§ **Exercise goal**:
After finding "Blue ATV Photo" in a line below, print that line and the rest of the lines exactly, leaving out all pictures.

§ **Dataset**:
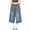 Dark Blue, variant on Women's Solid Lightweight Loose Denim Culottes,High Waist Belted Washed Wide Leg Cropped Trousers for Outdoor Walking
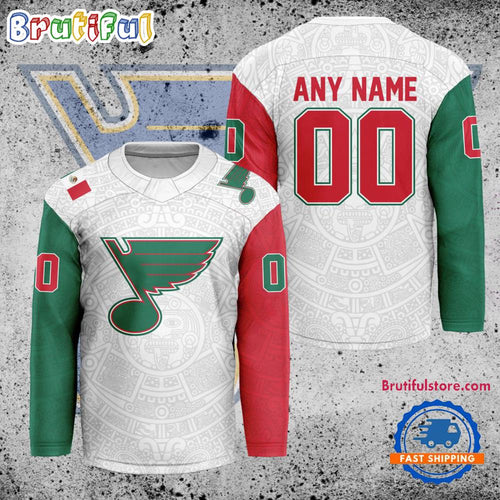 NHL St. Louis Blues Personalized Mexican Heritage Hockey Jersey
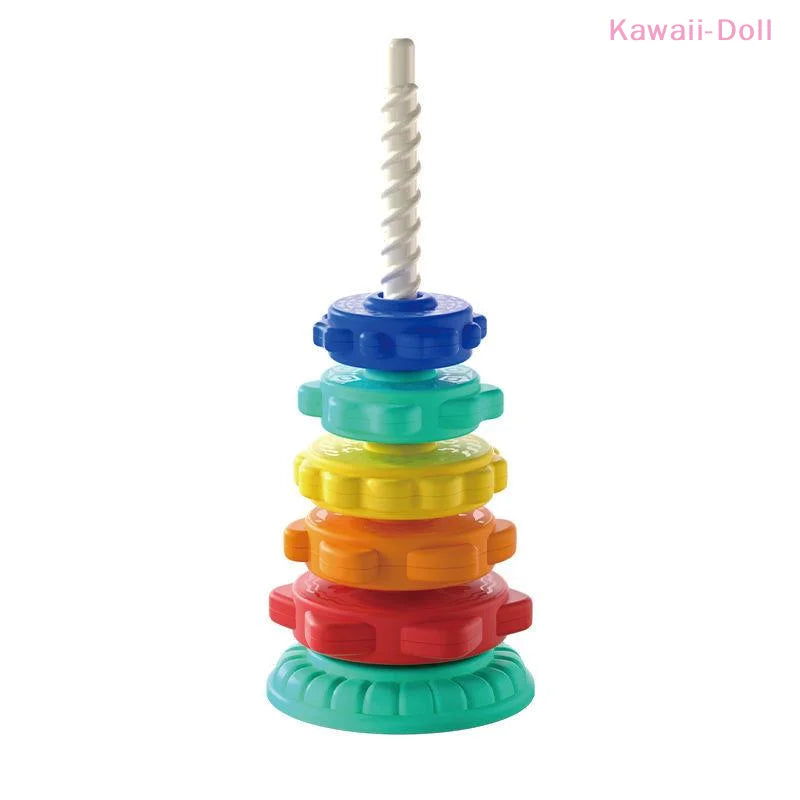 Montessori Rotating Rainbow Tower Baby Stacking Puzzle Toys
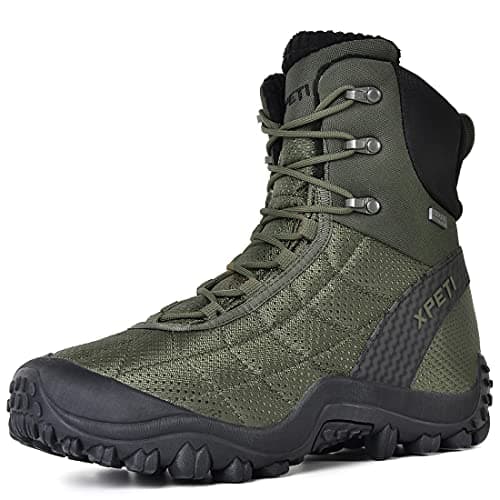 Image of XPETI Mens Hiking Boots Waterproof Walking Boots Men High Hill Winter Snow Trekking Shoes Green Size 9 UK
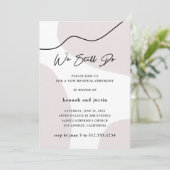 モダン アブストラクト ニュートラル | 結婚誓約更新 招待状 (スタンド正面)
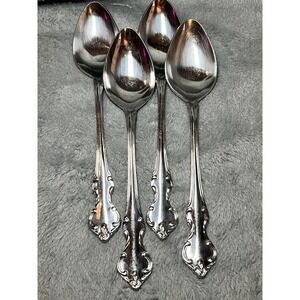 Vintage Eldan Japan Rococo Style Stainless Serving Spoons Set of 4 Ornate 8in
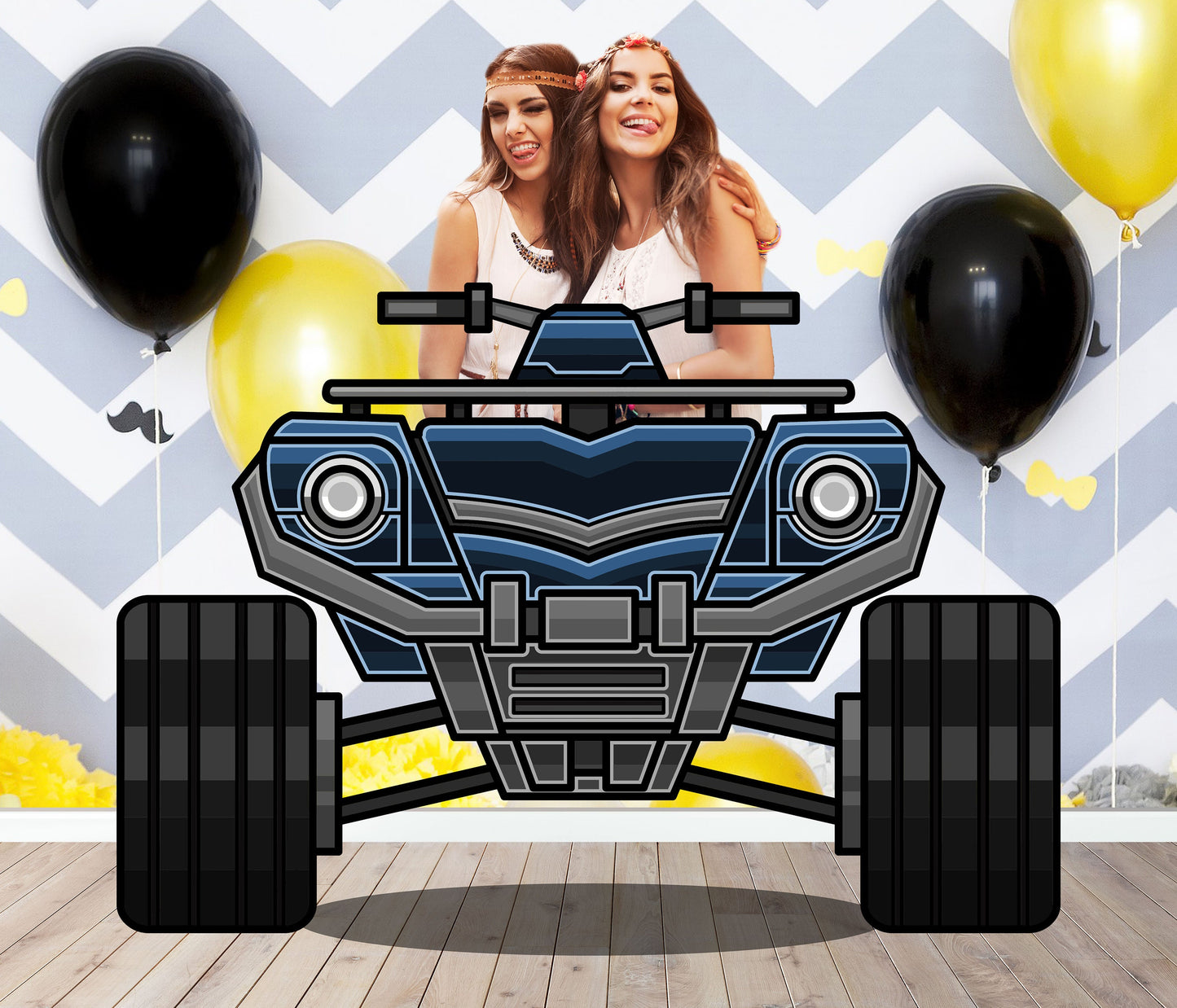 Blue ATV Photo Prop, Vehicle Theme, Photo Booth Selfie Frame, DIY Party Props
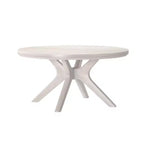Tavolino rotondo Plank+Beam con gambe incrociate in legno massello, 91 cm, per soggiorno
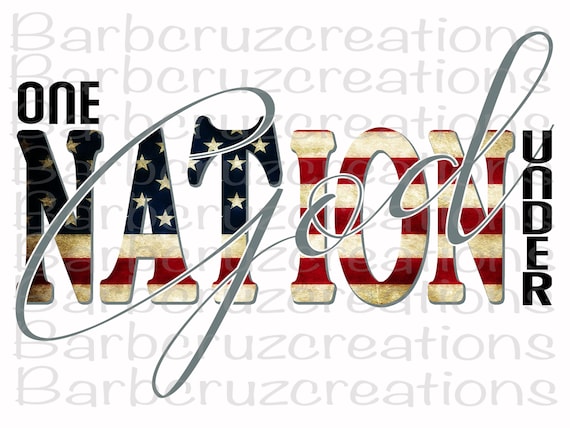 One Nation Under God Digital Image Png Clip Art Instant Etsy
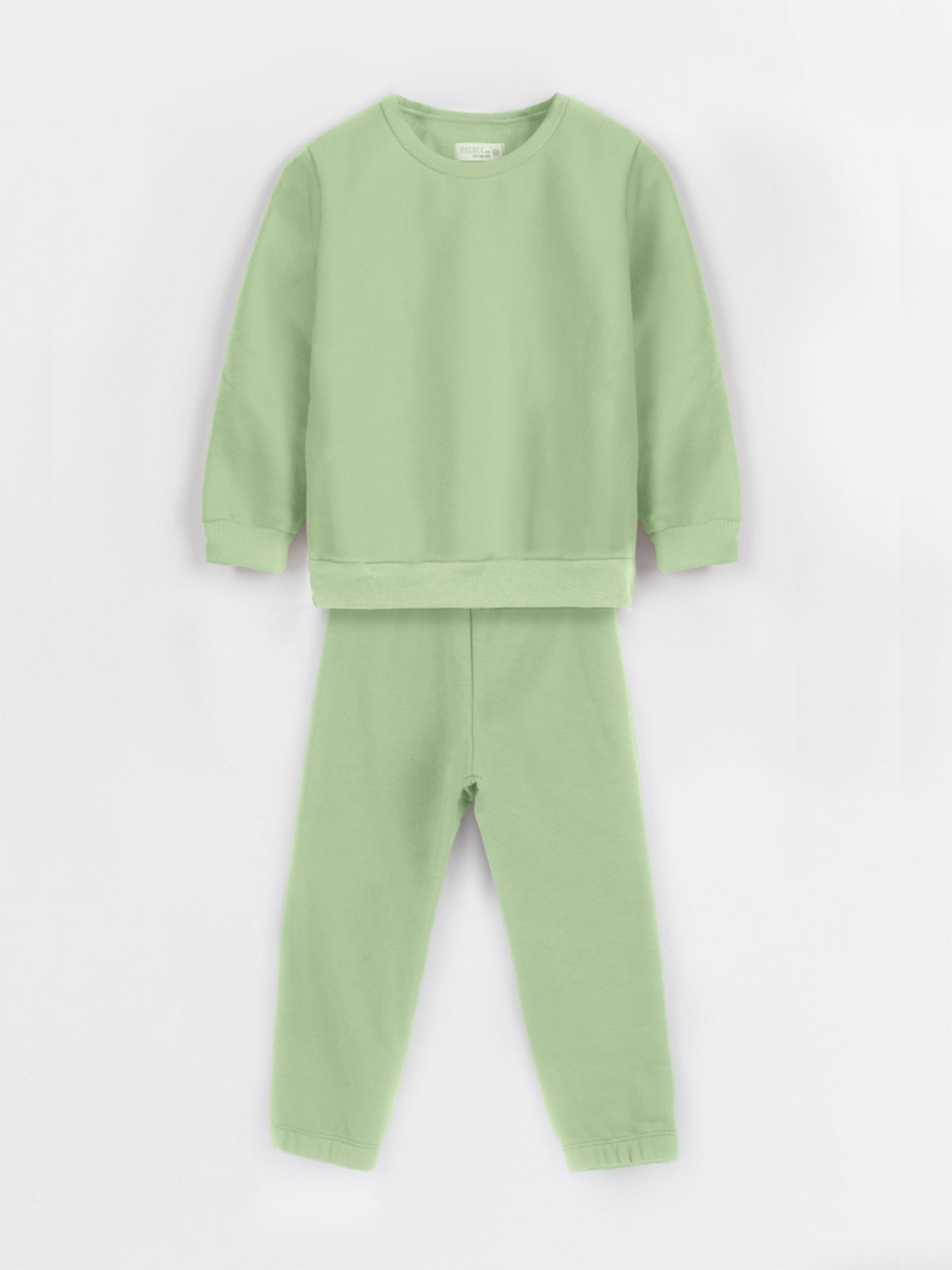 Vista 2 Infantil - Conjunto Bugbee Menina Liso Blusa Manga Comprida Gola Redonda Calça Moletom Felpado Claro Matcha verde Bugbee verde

§ **Result below**:
 Blue ATV Photo Prop, Vehicle Theme, Photo Booth Selfie Frame, DIY Party Props
Tavolino rotondo Plank+Beam con gambe incrociate in legno massello, 91 cm, per soggiorno
 One Nation Under God Digital Image Png Clip Art Instant Etsy
 Vista 2 Infantil - Conjunto Bugbee Menina Liso Blusa Manga Comprida Gola Redonda Calça Moletom Felpado Claro Matcha verde Bugbee verde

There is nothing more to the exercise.